Only some lines are wanted. Transcribe, exactly, the lines below from the line with "Natural Strawberry Crystal" up to and including the line with "Aerial perspective of".

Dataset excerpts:
☆ ☆ ☆ ☆ ☆

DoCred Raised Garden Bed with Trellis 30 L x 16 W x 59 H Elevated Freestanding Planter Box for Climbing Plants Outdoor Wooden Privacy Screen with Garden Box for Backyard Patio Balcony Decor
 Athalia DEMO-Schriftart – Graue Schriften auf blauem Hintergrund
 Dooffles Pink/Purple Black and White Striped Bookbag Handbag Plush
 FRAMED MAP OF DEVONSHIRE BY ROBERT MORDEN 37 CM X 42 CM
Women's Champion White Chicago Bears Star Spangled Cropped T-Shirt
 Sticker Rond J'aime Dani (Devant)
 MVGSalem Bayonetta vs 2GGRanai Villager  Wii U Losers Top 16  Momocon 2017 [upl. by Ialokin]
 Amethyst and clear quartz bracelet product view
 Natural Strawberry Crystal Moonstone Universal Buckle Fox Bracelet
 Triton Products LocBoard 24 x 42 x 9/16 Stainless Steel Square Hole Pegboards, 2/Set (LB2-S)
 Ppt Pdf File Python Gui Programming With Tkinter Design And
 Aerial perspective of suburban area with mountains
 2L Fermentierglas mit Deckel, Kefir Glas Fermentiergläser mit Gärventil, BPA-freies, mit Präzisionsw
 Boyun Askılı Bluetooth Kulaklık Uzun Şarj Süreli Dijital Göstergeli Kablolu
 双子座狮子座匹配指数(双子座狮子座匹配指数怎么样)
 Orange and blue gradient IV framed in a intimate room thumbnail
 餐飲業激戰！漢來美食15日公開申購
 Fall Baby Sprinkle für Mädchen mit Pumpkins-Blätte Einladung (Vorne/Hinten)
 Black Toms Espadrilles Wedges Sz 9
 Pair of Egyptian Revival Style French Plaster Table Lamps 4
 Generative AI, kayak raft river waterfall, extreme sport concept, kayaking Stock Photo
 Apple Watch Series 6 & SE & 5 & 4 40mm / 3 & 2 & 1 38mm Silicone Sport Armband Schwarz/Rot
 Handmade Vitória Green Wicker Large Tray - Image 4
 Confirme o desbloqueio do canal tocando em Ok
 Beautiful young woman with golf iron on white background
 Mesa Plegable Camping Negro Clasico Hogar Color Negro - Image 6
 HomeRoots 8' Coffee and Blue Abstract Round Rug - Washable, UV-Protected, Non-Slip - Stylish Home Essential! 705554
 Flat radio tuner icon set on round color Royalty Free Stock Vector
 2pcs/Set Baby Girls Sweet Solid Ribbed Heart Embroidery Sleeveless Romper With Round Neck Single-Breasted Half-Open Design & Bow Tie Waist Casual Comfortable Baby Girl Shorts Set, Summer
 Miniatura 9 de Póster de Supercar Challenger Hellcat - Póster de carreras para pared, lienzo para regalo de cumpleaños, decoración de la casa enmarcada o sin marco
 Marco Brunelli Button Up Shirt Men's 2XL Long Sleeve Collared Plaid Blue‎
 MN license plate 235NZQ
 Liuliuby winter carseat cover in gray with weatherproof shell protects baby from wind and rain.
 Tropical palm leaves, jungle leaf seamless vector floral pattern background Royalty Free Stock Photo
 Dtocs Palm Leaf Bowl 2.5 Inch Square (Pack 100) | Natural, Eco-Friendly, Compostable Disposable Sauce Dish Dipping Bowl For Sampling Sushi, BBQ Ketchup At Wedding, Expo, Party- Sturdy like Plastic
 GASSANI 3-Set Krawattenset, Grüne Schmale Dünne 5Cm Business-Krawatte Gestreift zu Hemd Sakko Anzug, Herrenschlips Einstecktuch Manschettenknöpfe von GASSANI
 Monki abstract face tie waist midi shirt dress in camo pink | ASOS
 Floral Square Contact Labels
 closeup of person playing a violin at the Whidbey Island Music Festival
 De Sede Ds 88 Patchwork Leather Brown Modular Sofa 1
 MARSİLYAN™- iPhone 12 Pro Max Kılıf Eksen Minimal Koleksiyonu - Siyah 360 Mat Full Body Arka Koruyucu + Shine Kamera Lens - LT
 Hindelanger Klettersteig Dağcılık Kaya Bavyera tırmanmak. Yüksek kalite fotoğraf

☆ ☆ ☆ ☆ ☆

» Exercise output:
 Natural Strawberry Crystal Moonstone Universal Buckle Fox Bracelet
 Triton Products LocBoard 24 x 42 x 9/16 Stainless Steel Square Hole Pegboards, 2/Set (LB2-S)
 Ppt Pdf File Python Gui Programming With Tkinter Design And
 Aerial perspective of suburban area with mountains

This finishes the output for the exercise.